Error handling

To make GROMACS behave like a proper library, we need to change the way errors etc. are handled. Basically, the library should not print out anything to stdio/stderr unless it is part of the API specification, and even then, there should be a way for the user to suppress the output. Also, the library should normally not terminate the program without the user having control over this. There are different types of errors, which also affects the handling. Different cases are discussed separately below, split by the way they are handled. These guidelines are starting to take their final form, although details may still change.

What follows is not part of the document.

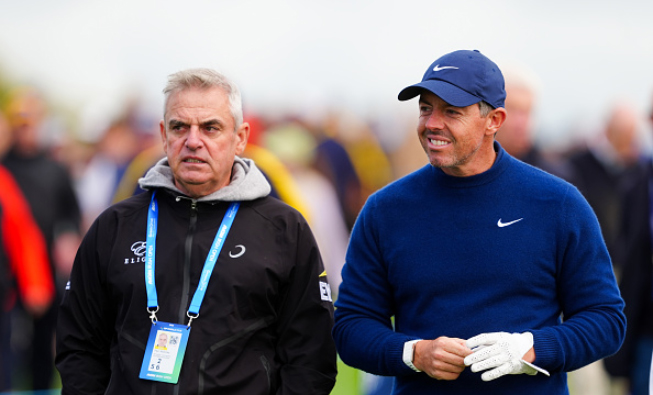 2026 Irish Open Primer Rory McIlroy Paul McGinley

  • For programming errors, i.e., errors that should never occur if the program is correctly written, it’s acceptable to assert and terminate the program. This applies to both errors in the library and errors in user code or user input that calls the library. Older code tends to still use assert() calls, but new code should prefer more expressive functionality such as GMX_RELEASE_ASSERT(). This version of the macro will result in asserts that are still present when the build type is Release, which is what we want by default. In performance-sensitive parts of the code, it is acceptable to rather use GMX_ASSERT() to avoid the performance penalty of a branch when the code is compiled for production use. By default, Jenkins builds the RelWithAssert build type.
  • For some errors it might be feasible to recover gracefully and continue execution. In this case, your APIs should be defined so that the API-user/programmer does not have to check separately whether the problem was due to a programming error, but it’s better to e.g. use exceptions for recoverable errors and asserts for programming errors.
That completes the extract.